## SUPPLIED DATA
────

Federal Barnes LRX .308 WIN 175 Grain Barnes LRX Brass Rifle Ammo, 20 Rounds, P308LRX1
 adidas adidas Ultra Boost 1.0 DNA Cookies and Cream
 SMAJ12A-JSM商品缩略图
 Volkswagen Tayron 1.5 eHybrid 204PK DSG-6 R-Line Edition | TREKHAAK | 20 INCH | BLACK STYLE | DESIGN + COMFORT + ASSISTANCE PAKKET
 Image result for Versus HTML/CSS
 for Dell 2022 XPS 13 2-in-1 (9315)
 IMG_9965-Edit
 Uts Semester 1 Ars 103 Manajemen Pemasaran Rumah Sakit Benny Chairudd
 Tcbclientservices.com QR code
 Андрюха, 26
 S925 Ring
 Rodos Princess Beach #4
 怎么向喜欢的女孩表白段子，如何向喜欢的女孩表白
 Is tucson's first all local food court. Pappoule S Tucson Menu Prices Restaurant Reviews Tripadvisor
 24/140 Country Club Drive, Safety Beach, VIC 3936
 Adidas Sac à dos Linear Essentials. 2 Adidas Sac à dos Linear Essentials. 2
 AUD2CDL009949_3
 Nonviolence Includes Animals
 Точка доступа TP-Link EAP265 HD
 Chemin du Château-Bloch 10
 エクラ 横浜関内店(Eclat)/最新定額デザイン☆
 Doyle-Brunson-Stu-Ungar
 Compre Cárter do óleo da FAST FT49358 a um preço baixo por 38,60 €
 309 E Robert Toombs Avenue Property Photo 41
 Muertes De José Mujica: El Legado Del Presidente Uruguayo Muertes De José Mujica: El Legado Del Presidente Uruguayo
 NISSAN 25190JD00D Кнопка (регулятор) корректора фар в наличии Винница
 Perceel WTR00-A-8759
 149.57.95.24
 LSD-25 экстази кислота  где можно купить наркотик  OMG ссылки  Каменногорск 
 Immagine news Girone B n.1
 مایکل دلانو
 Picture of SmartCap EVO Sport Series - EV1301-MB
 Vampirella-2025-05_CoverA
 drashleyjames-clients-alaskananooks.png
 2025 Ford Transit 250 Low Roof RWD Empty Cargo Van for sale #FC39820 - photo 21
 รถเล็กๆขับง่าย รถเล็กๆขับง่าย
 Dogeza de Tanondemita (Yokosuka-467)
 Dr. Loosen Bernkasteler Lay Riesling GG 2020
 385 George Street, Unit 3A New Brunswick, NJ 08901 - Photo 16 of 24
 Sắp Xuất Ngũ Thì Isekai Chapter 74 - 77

────

## PROBLEM STATEMENT
Go through the records, tally the lines holding the word "Beach", and give only the tally.

## SOLUTION FOR THIS TASK
2